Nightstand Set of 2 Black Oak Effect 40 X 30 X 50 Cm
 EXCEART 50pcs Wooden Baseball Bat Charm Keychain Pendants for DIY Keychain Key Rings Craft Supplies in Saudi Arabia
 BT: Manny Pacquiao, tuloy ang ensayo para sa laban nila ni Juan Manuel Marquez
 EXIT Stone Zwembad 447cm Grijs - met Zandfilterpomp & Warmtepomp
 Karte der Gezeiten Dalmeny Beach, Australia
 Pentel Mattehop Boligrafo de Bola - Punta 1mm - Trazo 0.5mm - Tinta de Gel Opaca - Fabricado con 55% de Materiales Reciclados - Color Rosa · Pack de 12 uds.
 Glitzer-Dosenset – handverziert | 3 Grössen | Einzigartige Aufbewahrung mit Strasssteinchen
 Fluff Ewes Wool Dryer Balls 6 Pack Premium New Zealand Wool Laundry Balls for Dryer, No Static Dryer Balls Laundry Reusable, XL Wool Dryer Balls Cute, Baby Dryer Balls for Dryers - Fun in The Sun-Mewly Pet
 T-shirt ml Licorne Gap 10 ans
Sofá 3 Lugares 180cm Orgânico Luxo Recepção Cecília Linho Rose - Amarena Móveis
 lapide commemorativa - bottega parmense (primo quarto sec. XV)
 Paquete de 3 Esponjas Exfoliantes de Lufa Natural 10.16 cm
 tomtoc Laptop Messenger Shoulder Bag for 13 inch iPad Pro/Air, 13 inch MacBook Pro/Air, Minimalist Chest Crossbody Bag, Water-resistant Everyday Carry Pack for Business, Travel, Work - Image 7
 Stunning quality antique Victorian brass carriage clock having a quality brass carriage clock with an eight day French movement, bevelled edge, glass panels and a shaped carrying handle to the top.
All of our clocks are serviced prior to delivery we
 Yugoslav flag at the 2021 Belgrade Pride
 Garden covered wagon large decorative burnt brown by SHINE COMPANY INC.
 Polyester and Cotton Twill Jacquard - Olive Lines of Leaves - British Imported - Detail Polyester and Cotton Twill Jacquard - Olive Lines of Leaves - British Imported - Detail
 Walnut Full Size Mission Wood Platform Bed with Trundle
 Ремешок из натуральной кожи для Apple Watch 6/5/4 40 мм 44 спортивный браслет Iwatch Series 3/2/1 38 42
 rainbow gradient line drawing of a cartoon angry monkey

* **ACTION ITEM**: Each line from the top of the material above through the line containing "Pentel Mattehop Boligrafo" must be output exactly, and no other line.

* **ANSWER TO THIS EXERCISE**:
Nightstand Set of 2 Black Oak Effect 40 X 30 X 50 Cm
 EXCEART 50pcs Wooden Baseball Bat Charm Keychain Pendants for DIY Keychain Key Rings Craft Supplies in Saudi Arabia
 BT: Manny Pacquiao, tuloy ang ensayo para sa laban nila ni Juan Manuel Marquez
 EXIT Stone Zwembad 447cm Grijs - met Zandfilterpomp & Warmtepomp
 Karte der Gezeiten Dalmeny Beach, Australia
 Pentel Mattehop Boligrafo de Bola - Punta 1mm - Trazo 0.5mm - Tinta de Gel Opaca - Fabricado con 55% de Materiales Reciclados - Color Rosa · Pack de 12 uds.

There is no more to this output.